# Project - ZMB-KLR



## NaeKid (Oct 17, 2008)

Some of you might remember from times-past that I have a 2005 Kawasaki KLR650 dualsport motorcycle. I also have a 1995 Kawasaki KLR650 that I have finished rebuilding into a Jeep KLR650 (completed yesterday - it was a two year project).

Anyway, while I was building my Jeep KLR650, I also decided to build a trailer to pull behind my 2005 KLR, nicknamed ZMB-KLR due to the decals on the side (Zombie Outbreak Responder).

Now on the bike are sideracks originally built by DirtRacks (http://dirtracks.com/ and https://www.dirtracks.ca/) and modified by me, a trailer hitch and Kolpin Gunboot 6.0 as side-cases for my fishing rods (ya ... that's what I tell everyone) ....

As of tonight, the welding and fabricating on the sideracks and hitch are complete, I'll be painting it all shortly, but, thought I would show my finished product ...

Cellphone pics below


----------



## camo2460 (Feb 10, 2013)

WOW, you built that yourself? Awsome


----------



## CrackbottomLouis (May 20, 2012)

KLR's are great bikes. Good looking work naekid!


----------



## Tirediron (Jul 12, 2010)

SWEET , is that a three point lower link pin in the hitch?


----------



## NaeKid (Oct 17, 2008)

camo2460 said:


> WOW, you built that yourself? Awsome


I used a base rack from DirtRacks.ca and modified it to suit my requirements and then used my bender to make the lower bar, plasma-cut and formed brackets and then hot-glue it all together (I used two different Miller hot-glue guns ... one MIG and one TIG machine).



Tirediron said:


> SWEET , is that a three point lower link pin in the hitch?


Very perceptive of you!

Close - its the upper link, not the lower in this case.

http://www.ufa.com/products/product.html?open&/products/3-point-adjustable-hitch-top-link-pin-1

I am using one half of an upper-link as the trailerhitch so that I have 360° swivel on the hitch and 180° side-to-side and about 40° up and down motion which I am hoping will be enough that it won't bind on me.
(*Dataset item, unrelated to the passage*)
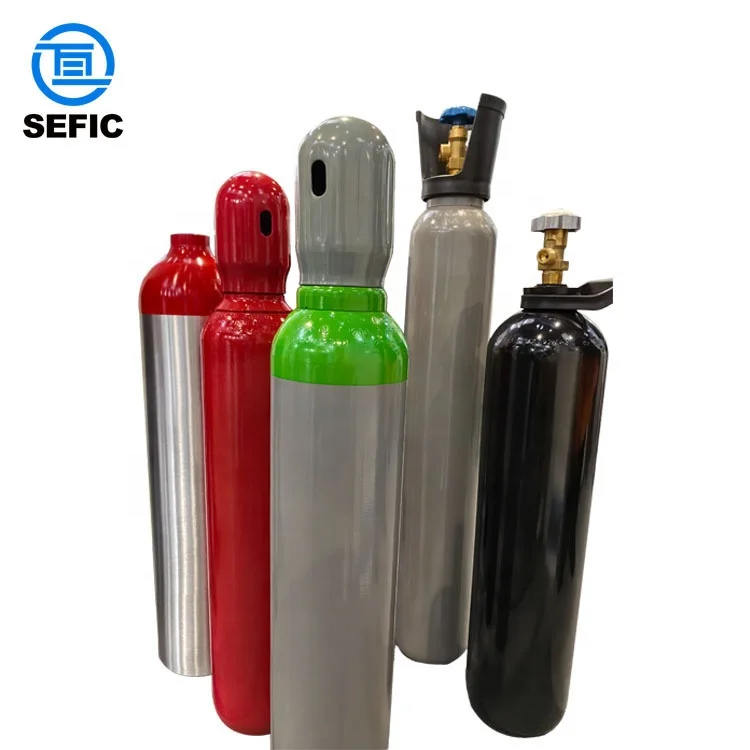 50L 230Bar High Pressure Steel CO2 Gas Cylinder Empty Gas Tanks Bottle Industrial Use Oxygen Argon 40L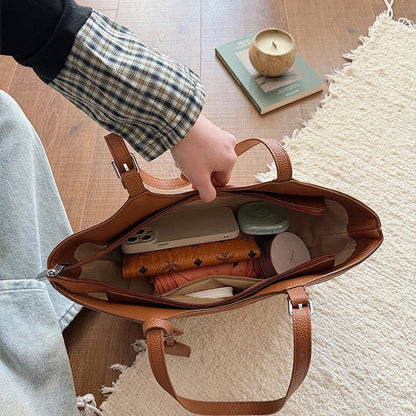 Sac à Main Femme en Paille et Similicuir Élégant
If it isn't enough motion (after testing), my friend Clayton (I think you know him too) will build me a new joint at his shop (http://www.emfrodends.com/) ...


----------



## Tirediron (Jul 12, 2010)

the top link swivel should work, but one of Claytons works of art would be a nice touch


----------



## NaeKid (Oct 17, 2008)

... and a picture of my other saddlebags on my bike. They finally arrived after ordering them back in March.


----------